Much has been made of the social and ideological differences between Britain and France in the period running from the final decade of the eighteenth century to the first two decades of the nineteenth century, but the story of their armies was as much one of shared experience as it was of difference. While Britain was not entirely immune to political and social change in this period, it was insignificant when compared to what France experienced. That the British army changed so little in terms of its structure and ethos made it a useful point of comparison, a ‘control’ of sorts, with the French army as it developed over twenty-five years. It was inevitable that the wider social and political changes of the French Revolution would affect the identity of the French army, leading as they did to a massive change in the composition of the army’s manpower. But far from presaging the creation of a completely new Cincinnatian identity, the self-image of the French soldier gradually developed into something not so different from that of his British counterpart. To some of those looking back over subsequent centuries, this must have represented a tragic ideological failure, but it would be quite false to imply that developments in France under the Directory and later under the Consulate and Empire represented a wholesale reversal of the Revolution.


Napoleon may have ruled as a crowned head, with every apparent intention of establishing a dynasty to follow him, but the power structure he created was based on personal merit to an extent that would have been inconceivable in France under the Old Regime. His carefully delineated system of aristocratic titles and privileges were awarded entirely on this basis, in a system that was widely copied in later years and is reflected to some degree in the modern British honours system. But if Napoleon entrenched meritocracy as an ethos and ideal in the French army, then he was only doing what had been a long-standing wish in both the French and the British armies. The Cincinnatian ideal failed because it was ultimately impractical, and it was similarly for practical reasons that both armies attempted to reform themselves on meritocratic and professional lines in the last decades of the eighteenth century. The failure of the French army to reform itself coincided with the Revolution, which had the effect of removing those elements that resisted change and empowering those who sought it. Similarly, the pressures of war gave the British army no choice but to reform itself, though it was able to do so for the most part within its existing structures. What this study has shown is that both armies came by degrees to a broadly similar ideal of professionalism, albeit one that did not necessarily reflect practical realities at all times and in all places.
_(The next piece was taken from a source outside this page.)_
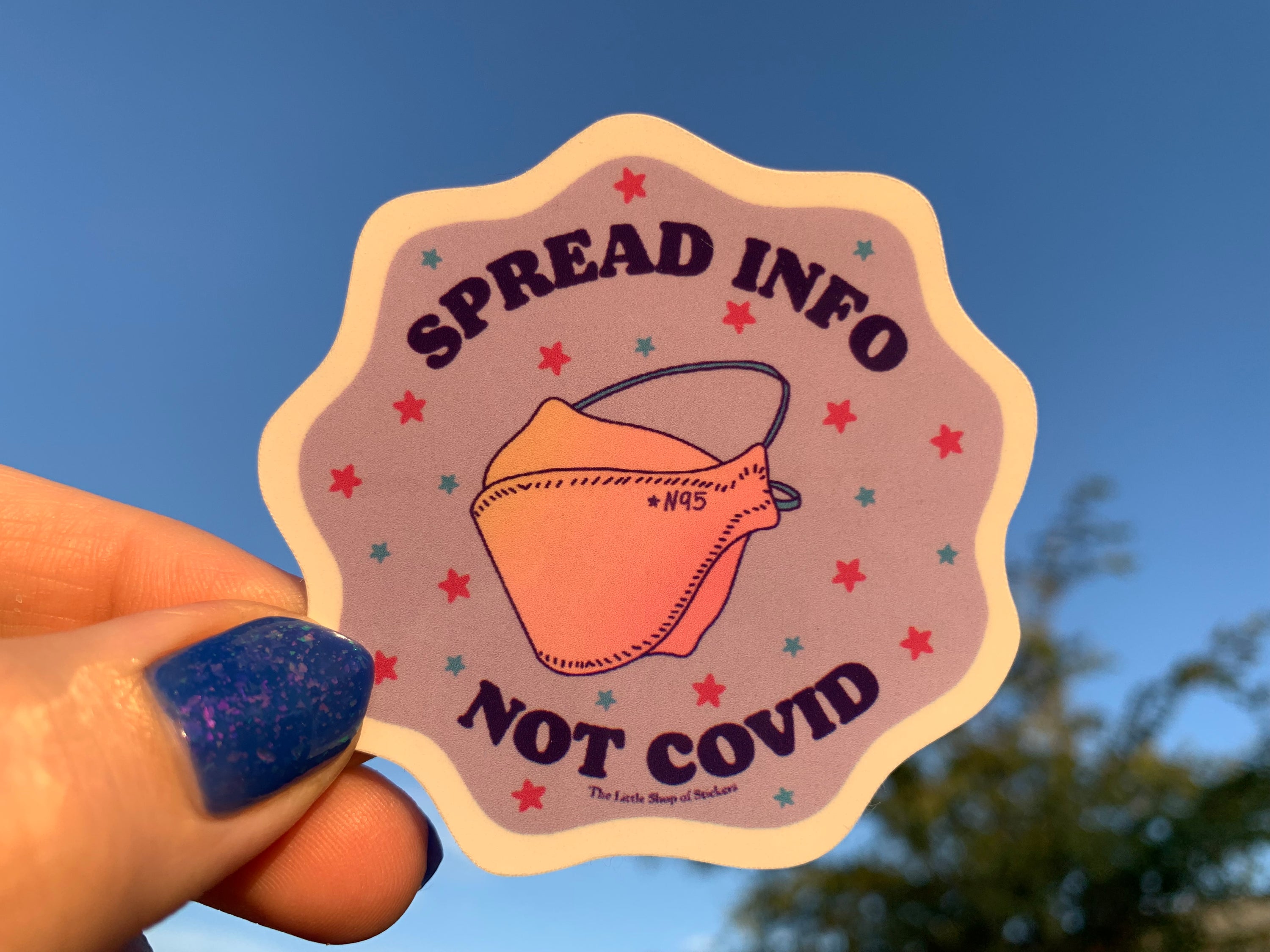 Spread Info Not Covid waterproof vinyl sticker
The first and second chapters, covering professional military identities on both sides, have revealed both commonalities and contrasts. It has been shown that both armies were rooted in the same military culture, and used broadly the same organisational system. Recruitment and training methods were largely identical, at least before the Revolution, as was military life in general. The explanations for these extensive similarities are essentially practical. Increasing interaction between European social and educated elites led to the development of a shared pool of ideas and concepts on which military officers and organizers could draw. An equally if not more significant factor in the development of European armies was regular engagement in warfare. For much of Europe’s history large-scale wars have taken place within a generation of one another, providing ample opportunity for military systems and traditions to be tested in battle.
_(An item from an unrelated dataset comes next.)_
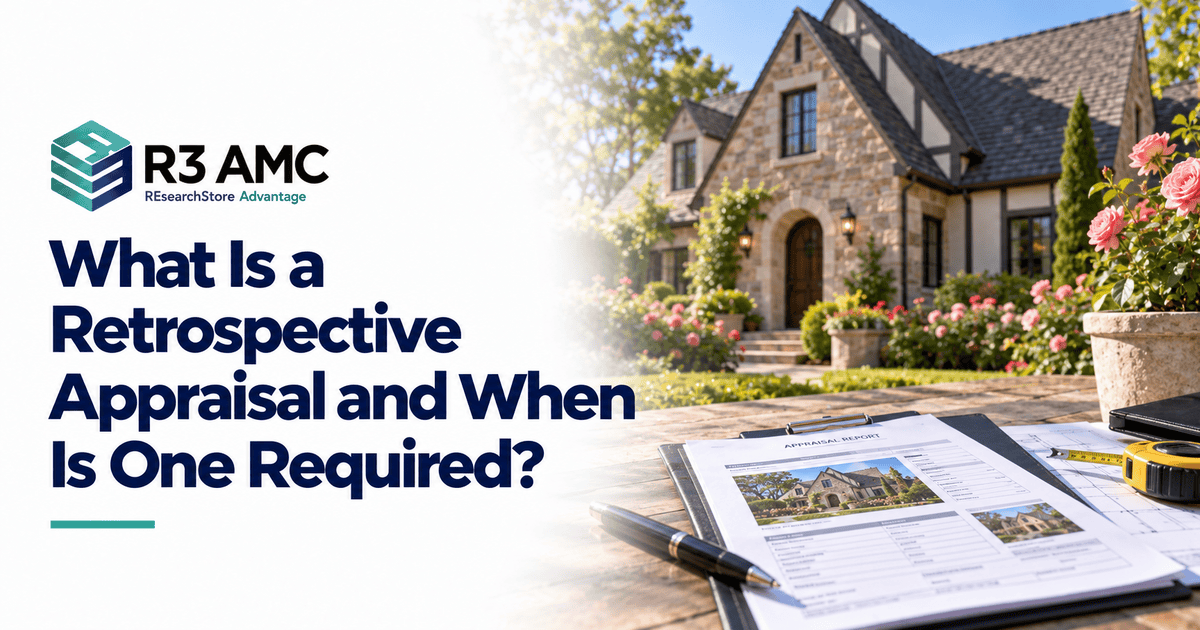 R3AMC guide: What Is a Retrospective Appraisal and When Is One Required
The Renaissance and Enlightenment periods saw massive expansions in intellectual dialogue across national borders, serving to accelerate and consolidate this process of development by ensuring that both past experience and the ‘state of play’ were more widely available. The development of the regiment as an institution is an example of this, though it also illustrates another aspect of the development of British and French military identity and organisation, that the driving factor in initiating change was often practical necessity. In the sixteenth and seventeenth centuries both armies developed a habit of permanently maintaining companies in regiments, as opposed to disbanding them between wars, as the maintenance of a standing army moved from an unattainable ideal to become both a political imperative and an economic and organisational possibility. The companies thus spent so long in their given regiments that the regiments themselves became shared realities for the soldiers, allowing them to develop institutional identities in their own right. The new regimental system proved sufficiently robust to survive subsequent wars, and would change relatively little throughout the eighteenth century.
The divergence of identity took place in the Revolution itself, though certain nuances have been revealed. Far from being despised and marginalized, the former Royal army continued to exist, worked extensively in cooperation with the volunteer army, and was even expanded. Named regiments were replaced with numbered battalions, removing the existing labels but leaving the essential dynamics of unit identity intact. The amalgamation of the volunteer and regular armies and their organization in demi-brigades was an essentially pragmatic approach to the problem of maximizing combat capabilities while maintaining political reliability. The aristocratic aspect of French military identity was for a time removed, as thousands of aristocratic officers fled into exile, and it was deliberately overlaid with new ideals based on equality and citizenship. The biggest change in terms of organisation lay in recruitment, with the voluntary approach of the regular and volunteer armies replaced with a series of large-scale levies, which in time evolved into a formal system of conscription. This was in keeping with the new ideals of citizenship, specifically the principle that it was the duty of every male citizen to fight for the nation if called upon to do so.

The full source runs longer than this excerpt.